The Nordic country has been trying to build up its military prowess after years of austerity. It has also looked to buying American weapons after a 2016 Swedish-US agreement.
Sweden has opted for the Patriot system as seen here during joint US-Polish military exercises in Poland in 2015
Sweden said Tuesday that it would enter negotiations to buy an estimated 10 billion krona (€1 billion/$1.2 billion) US-made Patriot air defense missile system over a European-made alternative.
The Patriot system, which uses ground-to-air missiles to shoot down larger missiles and aircraft in-flight, won out over the SAMP/T system made by the Franco-Italian company Eurosam.
The Swedish government aims to receive deliveries of the Patriot missiles, which will replace Sweden's current US-made Hawk air defense missiles, from manufacturer Raytheon starting in 2020 and have the system operational by 2025.

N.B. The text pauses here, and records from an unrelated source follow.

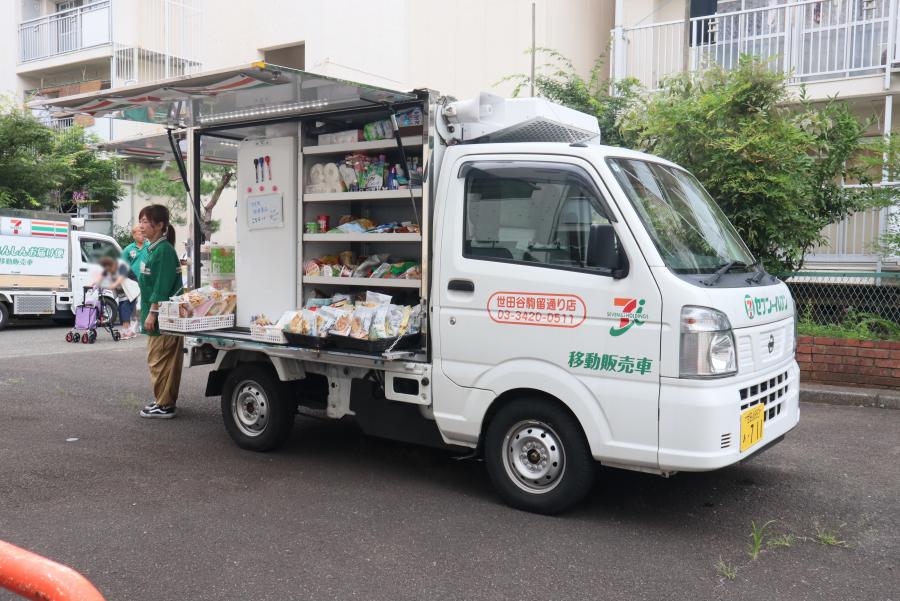 品物を陳列した移動販売車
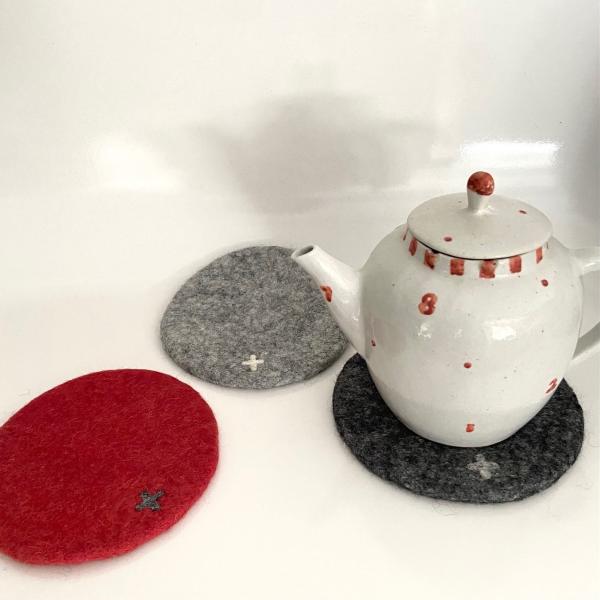 フェルト丸型 プラスデザイン　ポットマット　15cm丸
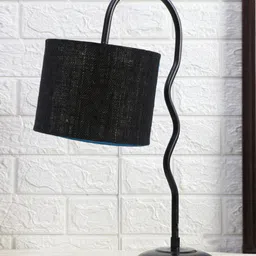 Devansh Black Textured Jute Zig Zag Curvy Table Lamp With Iron Base image 5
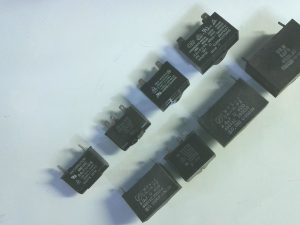 CONDESADORES 2UF/2.3UF/2.5UF/3UF/3.5UF/4UF/5UF/8.8UF KITS01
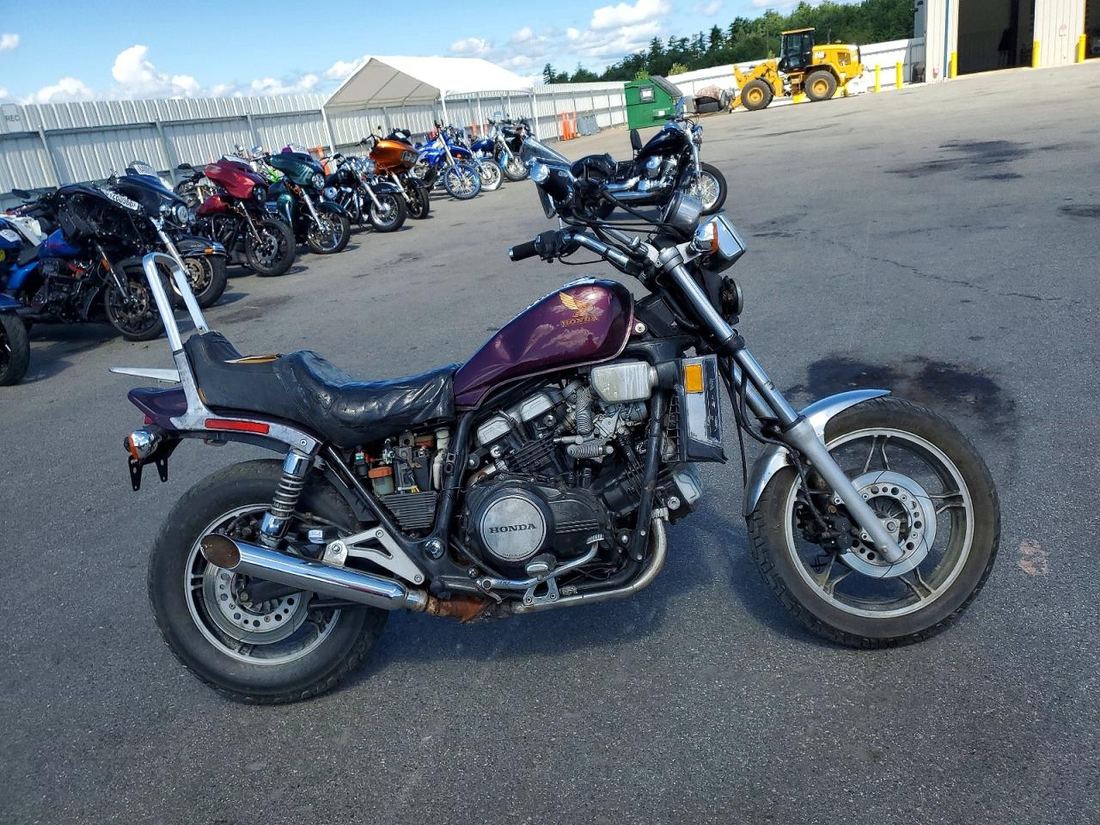 1983 HONDA VF1100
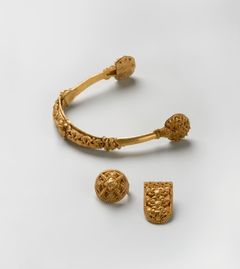 Denne gullsporen er den eneste av sitt slag fra vikingtidens Skandinavia. Den er dekket av intrikate mønstre i gullperletråd og påloddede gullkorn og forestiller dyr og mønster i vikingtidens Borrestil. Den var trolig laget av en skandinavisk gullsmed på 900-tallet. FOTO: Kulturhistorisk museum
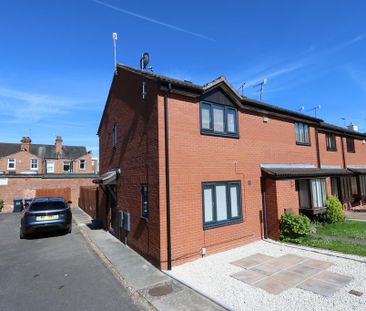 2 bedroom semi-detached house to rent - Photo 2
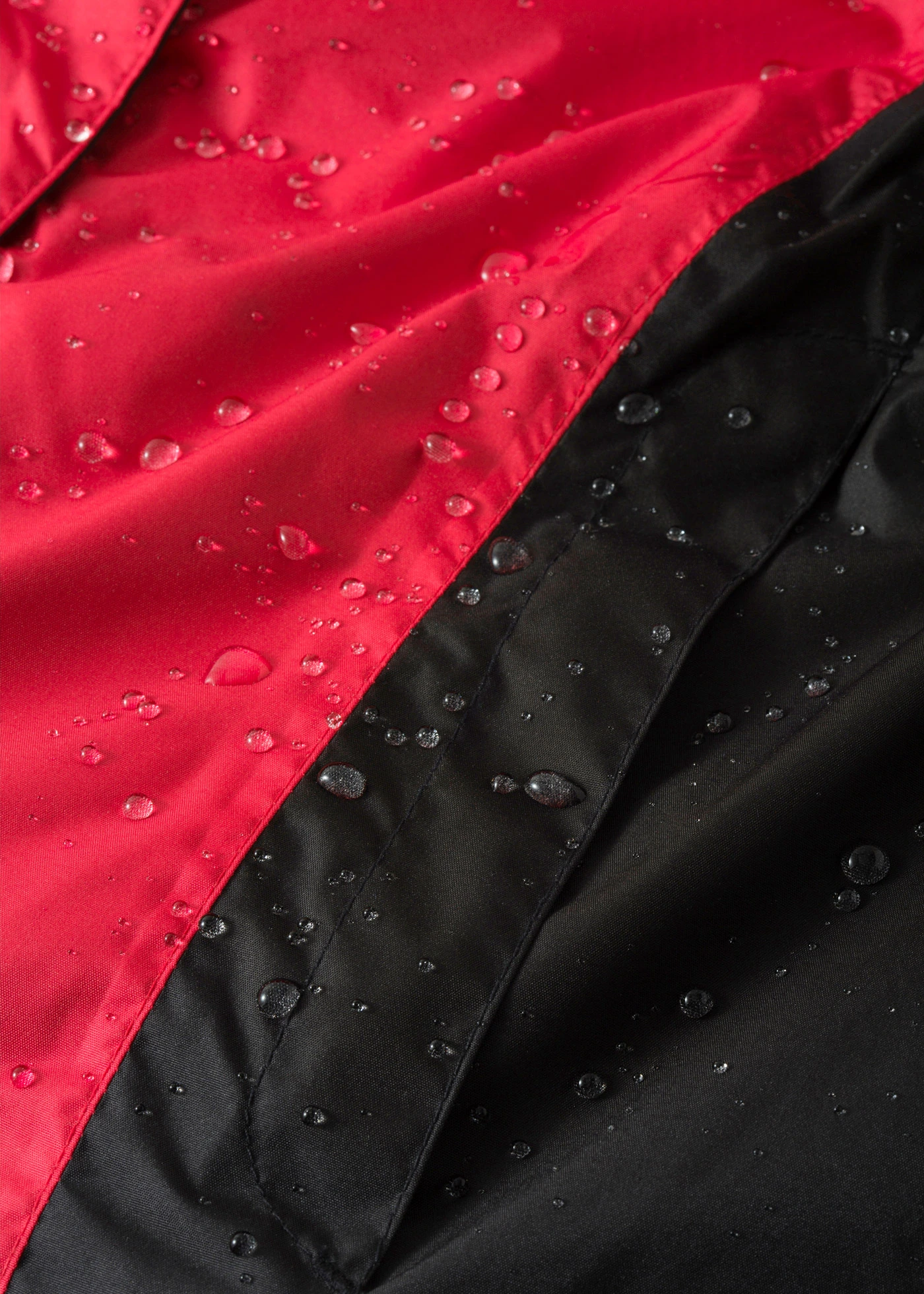 Nepromokavá funkční bunda • červeno-černá • bonprix obchod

The Swedish government said, "based on this tender and the decision of the Riksdag (the Swedish Parliament) on the proposal to acquire a new medium-range air defense system in the 2018 budget bill, the government will make a final decision on the acquisition during 2018."
The government said its choice to upgrade its existing system was part of its overall effort to build up the country's armed forces after years of budget cuts. The decision to buy a US-made system also aligned with a Swedish-US military cooperation agreement signed in 2016.

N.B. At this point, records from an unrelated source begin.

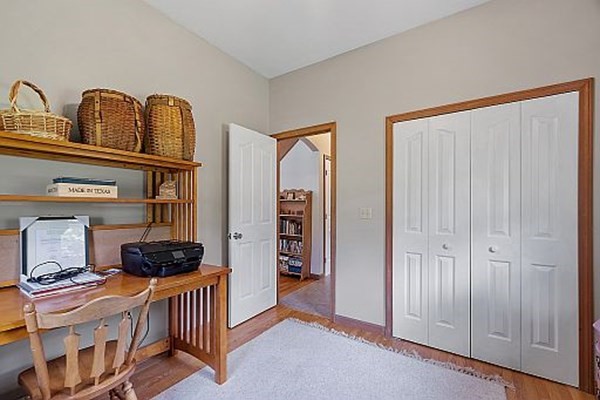 197 Stowell Road Ashburnham, MA 01430 - Photo 14 of 38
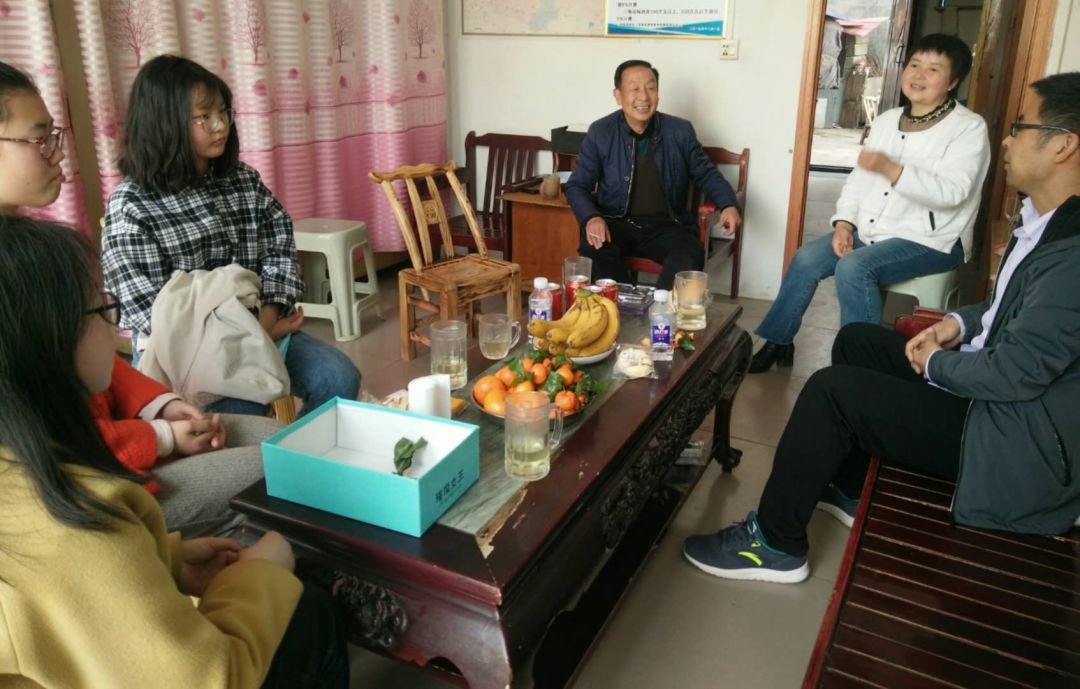郑长坤懂事体谅父母,高效学习之余帮父母照看年幼的妹妹;郭鹏翼在家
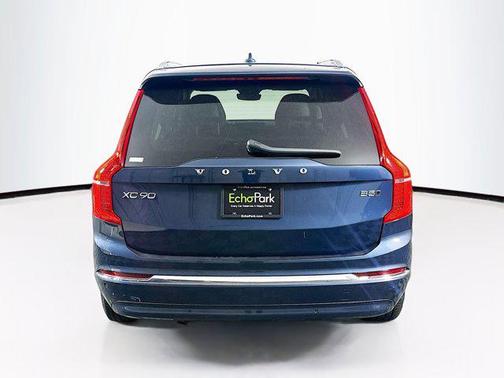 2025 Volvo XC90 B5 Core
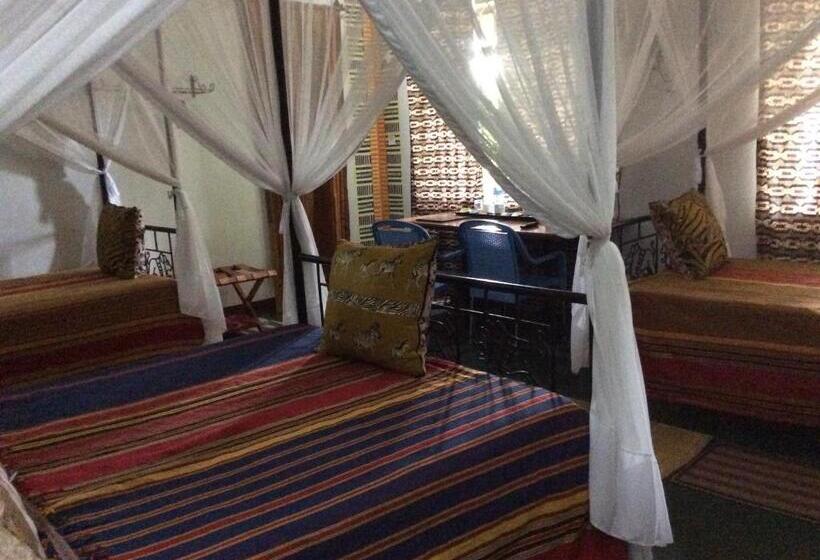 اتاق خانوادگی, Korona Villa Lodge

Raytheon praised the government's decision, saying "Sweden's announcement brings them closer to joining the growing group of European nations depending on the combat-proven Patriot to defend against ballistic and cruise missiles, and advanced aircraft and drones."
Raytheon, one of the US's largest defense suppliers, has already supplied 13 countries with the Patriot system including Germany and the Netherlands.
The deployment of US missile systems across Europe in recent years has been controversial. Russia has repeatedly criticized them as undermining its security and threatened to deploy more of its own missiles against European targets.